13/03/2012

Blakewatch - Week 11 Bounty

52 Weeks in The Year- 52 Episodes of Blake’s 7.

This week: Season One Episode 11- Bounty
(1978) Writer: Terry Nation / Director: Pennant Roberts
Blake and Cally try to persuade the exiled former President Sarkoff of the planet Lindor to return to his people. Meanwhile the Liberator is hijacked by bounty hunters.

`Bounty` would be easy to overlook being un-showy and home to alternate sequences of long dialogue followed by lots of running around in woods. Nonetheless it has plenty to recommend it not least TP McKenna’s suave performance as Sarkoff. Rocking a look that is half John Steed and half Jon Pertwee, the dapper ex-President has self esteem issues after his fall from grace and takes solace in his 20th century antiques collection.


"Fancy a butterfly sandwich?"  "Shush Sarko this tune is the nuts!"

Sarkoff is one of the most interesting characters the series has offered so far. Veering from resigned ambivalence to proud defiance, his conversations with Blake as to why he won’t return reveal his vanity and self pity at once. These scenes give both actors an opportunity to shine and for Gareth Thomas it must have been a relief after all the capering around outside.

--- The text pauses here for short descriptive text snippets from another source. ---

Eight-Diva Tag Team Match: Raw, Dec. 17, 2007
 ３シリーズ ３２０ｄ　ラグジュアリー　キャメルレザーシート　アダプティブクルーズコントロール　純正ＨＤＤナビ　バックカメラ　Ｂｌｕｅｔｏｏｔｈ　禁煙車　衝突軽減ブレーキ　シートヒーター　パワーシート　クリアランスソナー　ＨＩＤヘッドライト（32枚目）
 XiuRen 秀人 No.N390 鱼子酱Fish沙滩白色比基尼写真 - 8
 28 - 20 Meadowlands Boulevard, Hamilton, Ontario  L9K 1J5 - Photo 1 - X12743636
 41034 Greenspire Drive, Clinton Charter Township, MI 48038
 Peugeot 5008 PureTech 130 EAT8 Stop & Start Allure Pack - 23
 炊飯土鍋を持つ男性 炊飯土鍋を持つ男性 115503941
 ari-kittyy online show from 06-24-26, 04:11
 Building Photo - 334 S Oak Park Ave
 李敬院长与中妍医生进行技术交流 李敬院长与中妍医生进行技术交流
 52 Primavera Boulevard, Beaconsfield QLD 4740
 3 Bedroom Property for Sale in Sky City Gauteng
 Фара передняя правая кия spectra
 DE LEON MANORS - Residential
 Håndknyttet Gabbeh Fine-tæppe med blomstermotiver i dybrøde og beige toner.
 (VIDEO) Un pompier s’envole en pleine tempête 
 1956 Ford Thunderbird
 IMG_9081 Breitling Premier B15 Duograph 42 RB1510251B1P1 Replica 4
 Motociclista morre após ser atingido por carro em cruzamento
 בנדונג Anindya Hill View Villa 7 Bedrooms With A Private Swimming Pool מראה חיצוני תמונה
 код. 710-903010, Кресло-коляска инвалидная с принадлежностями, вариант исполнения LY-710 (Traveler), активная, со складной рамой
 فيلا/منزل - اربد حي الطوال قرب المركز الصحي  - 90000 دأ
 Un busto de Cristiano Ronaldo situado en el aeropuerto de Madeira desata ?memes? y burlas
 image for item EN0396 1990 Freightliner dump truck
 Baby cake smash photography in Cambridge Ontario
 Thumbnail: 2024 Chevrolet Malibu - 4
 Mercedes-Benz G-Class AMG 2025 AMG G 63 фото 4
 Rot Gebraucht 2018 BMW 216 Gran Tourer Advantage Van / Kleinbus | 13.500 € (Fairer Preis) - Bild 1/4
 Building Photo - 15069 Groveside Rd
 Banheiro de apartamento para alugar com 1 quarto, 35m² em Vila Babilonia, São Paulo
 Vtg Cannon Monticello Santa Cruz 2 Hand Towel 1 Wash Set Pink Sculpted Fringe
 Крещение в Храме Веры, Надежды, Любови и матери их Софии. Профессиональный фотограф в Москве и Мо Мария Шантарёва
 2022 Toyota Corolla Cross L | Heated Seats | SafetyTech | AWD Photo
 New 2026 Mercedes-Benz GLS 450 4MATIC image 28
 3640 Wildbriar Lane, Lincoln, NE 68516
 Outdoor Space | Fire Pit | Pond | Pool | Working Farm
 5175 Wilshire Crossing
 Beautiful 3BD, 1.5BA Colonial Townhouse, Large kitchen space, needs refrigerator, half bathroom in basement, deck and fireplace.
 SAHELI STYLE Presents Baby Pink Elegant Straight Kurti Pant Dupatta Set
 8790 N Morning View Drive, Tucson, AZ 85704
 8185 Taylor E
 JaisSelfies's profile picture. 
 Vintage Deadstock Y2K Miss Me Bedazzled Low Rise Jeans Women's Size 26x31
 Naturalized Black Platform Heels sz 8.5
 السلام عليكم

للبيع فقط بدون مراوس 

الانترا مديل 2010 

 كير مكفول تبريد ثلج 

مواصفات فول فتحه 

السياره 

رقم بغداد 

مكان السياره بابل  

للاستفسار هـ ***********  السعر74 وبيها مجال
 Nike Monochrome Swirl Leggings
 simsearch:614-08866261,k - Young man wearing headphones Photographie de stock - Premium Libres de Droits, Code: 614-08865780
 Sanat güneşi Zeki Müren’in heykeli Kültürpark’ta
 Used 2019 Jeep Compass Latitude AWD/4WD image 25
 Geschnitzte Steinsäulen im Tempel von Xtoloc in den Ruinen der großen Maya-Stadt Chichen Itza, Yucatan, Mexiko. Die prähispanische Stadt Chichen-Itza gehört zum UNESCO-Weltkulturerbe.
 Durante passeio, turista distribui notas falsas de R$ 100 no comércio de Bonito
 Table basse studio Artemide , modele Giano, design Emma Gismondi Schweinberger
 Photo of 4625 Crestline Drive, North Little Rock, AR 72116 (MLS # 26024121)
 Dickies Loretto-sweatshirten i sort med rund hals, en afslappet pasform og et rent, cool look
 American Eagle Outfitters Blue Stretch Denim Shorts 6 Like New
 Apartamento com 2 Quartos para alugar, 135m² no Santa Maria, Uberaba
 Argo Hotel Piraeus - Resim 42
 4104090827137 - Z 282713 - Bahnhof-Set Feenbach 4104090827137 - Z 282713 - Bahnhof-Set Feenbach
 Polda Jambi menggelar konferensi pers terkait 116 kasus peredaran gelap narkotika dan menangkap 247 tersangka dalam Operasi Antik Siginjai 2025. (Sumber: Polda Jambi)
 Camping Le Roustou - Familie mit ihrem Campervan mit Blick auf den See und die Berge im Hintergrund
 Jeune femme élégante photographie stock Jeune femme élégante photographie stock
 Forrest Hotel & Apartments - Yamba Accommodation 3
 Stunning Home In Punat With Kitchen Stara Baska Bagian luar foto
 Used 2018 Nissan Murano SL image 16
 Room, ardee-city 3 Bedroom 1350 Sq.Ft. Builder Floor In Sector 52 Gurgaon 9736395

Sarkoff’s love of 20th century items also provides the surreal sight of a red roadster trundling about the woodland though the castle flags suggest more of a medieval look. The former President’s room is a strange blend of silver painted brickwork and museum glass cases while his unlikely `chauffeur` Tyce brandishes old fashioned pistols while sporting a red buccaneer’s coat. Carinthia West (the name!) who plays her looks as if she has skipped in from somewhere else entirely. Her true relationship with Sarkoff is kept from us till near the climax when you’ll end up going; “Ah, of course.”


The other part of the plot in which the Liberator crew succumb to what at first seems to be some kind of weird alien attack but which turns out to be bounty hunters is less successful. It has the slightly clumsy staging that dogged some earlier episodes of the series while a promising strand suggesting an attraction between Jenna (in a strong episode for Sally Knyvette) and their leader Tarvin is not followed through.


"Do you have any more bangin' tunes?" "No, only Bing Crosby mate."
The dual plots do not ultimately complement each other too well and the period when the others think Jenna has betrayed them is brushed over too quickly. There just isn’t enough time to reconcile everything into a coherent whole so the bounty hunters are despatched one by one in a conclusion that feels removed from the subtleties of the earlier part of the episode though Tarvin’s demise courtesy of an old fashioned hand gun is appropriate.

In all probability the powers that be and many of the viewers of the series preferred the second half’s material to the dialogue that dominates large parts of the first half yet it is the latter that highlights the political origins of the series. `Bounty` shows how the series can encompass both aspects even if at times they seem an awkward fit.

Notes

What are the dimensions of the building in which Sarkoff is held? At various points in the story guards take different times to go round the back. Yet even during their most serious alert it never occurs to them to have a guard posted there.

Tyce was reportedly added to the script by Chris Boucher after Terry Nation’s submission ran short. This probably explains why the conversations between Blake and Sarkoff are so detailed.

Black Park in Buckinghamshire was the location for filming.

The moniker Lindor was presumably nicked from the chocolatiers of the same name who’ve been going since 1845. Perhaps chocolate was the planet’s main export? Not quite as embarrassing as Space 1999 though which had an episode where a planet was called Luton!

TP (Thomas Patrick) McKenna who had a fifty year long career died last year. Bizarrely his last role was an Irish short film called Death’s Door in which he played Old Man.

The improbably named Carinthia West appeared in both Rutland Weekend Television and The Rutles.